● **What to do**
Only the pictures are dropped; the lines of the material that follow are returned exactly.

● **The data**
§ §

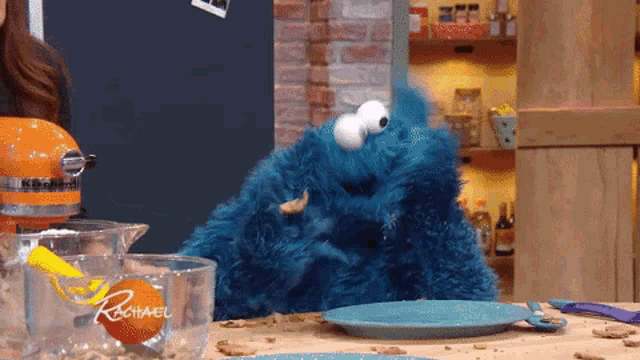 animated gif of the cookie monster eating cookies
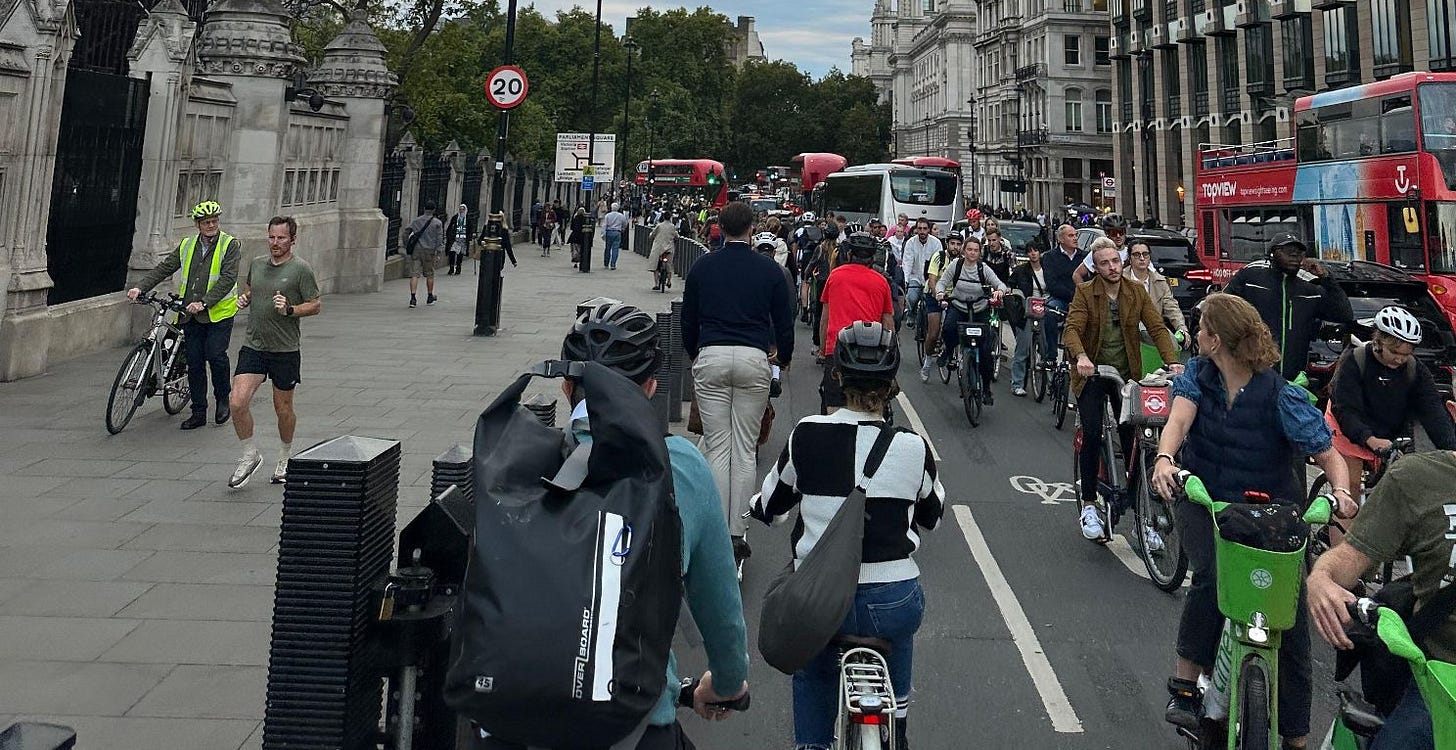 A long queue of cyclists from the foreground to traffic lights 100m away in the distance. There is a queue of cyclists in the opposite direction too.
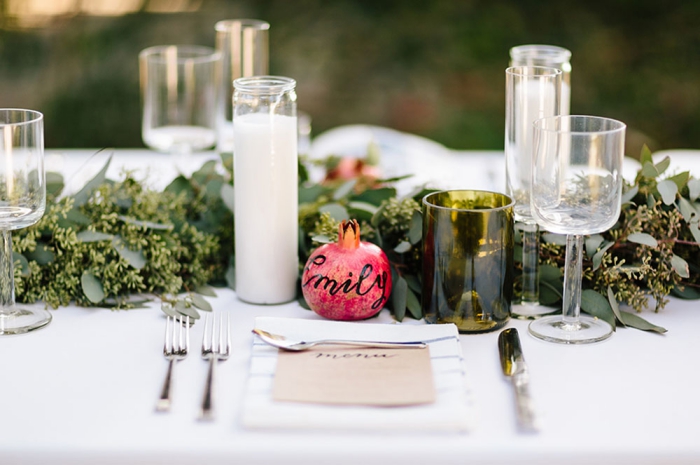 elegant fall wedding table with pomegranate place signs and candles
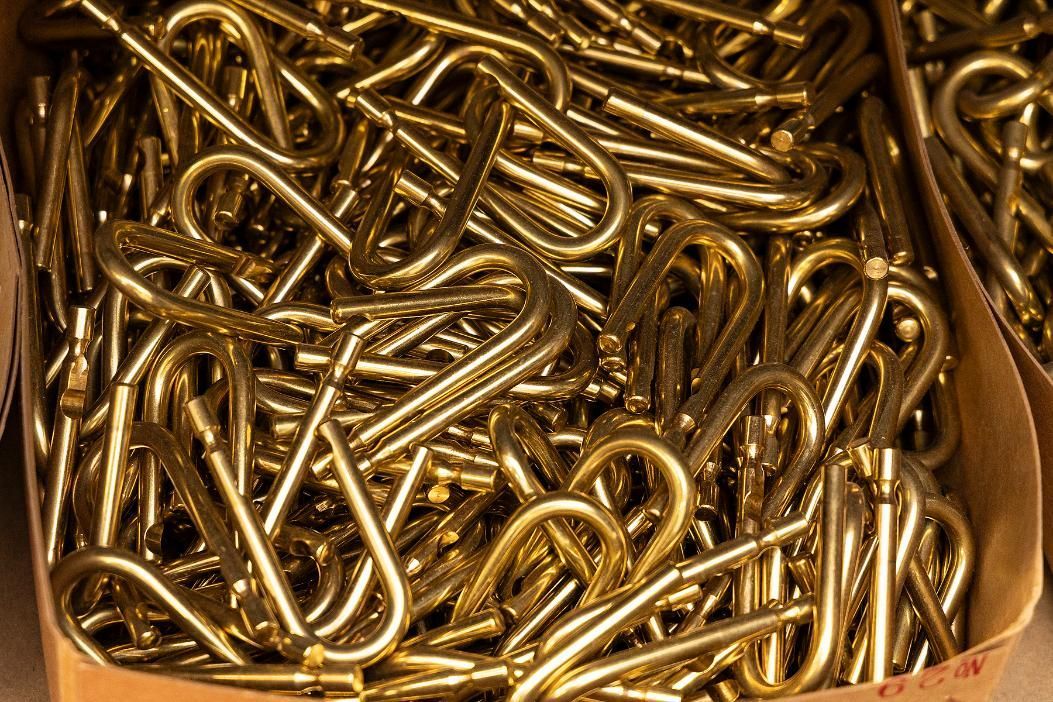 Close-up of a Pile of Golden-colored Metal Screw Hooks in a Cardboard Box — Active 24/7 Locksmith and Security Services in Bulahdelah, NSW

§ §

● **Answer for the task**
 animated gif of the cookie monster eating cookies
 A long queue of cyclists from the foreground to traffic lights 100m away in the distance. There is a queue of cyclists in the opposite direction too.
 elegant fall wedding table with pomegranate place signs and candles
 Close-up of a Pile of Golden-colored Metal Screw Hooks in a Cardboard Box — Active 24/7 Locksmith and Security Services in Bulahdelah, NSW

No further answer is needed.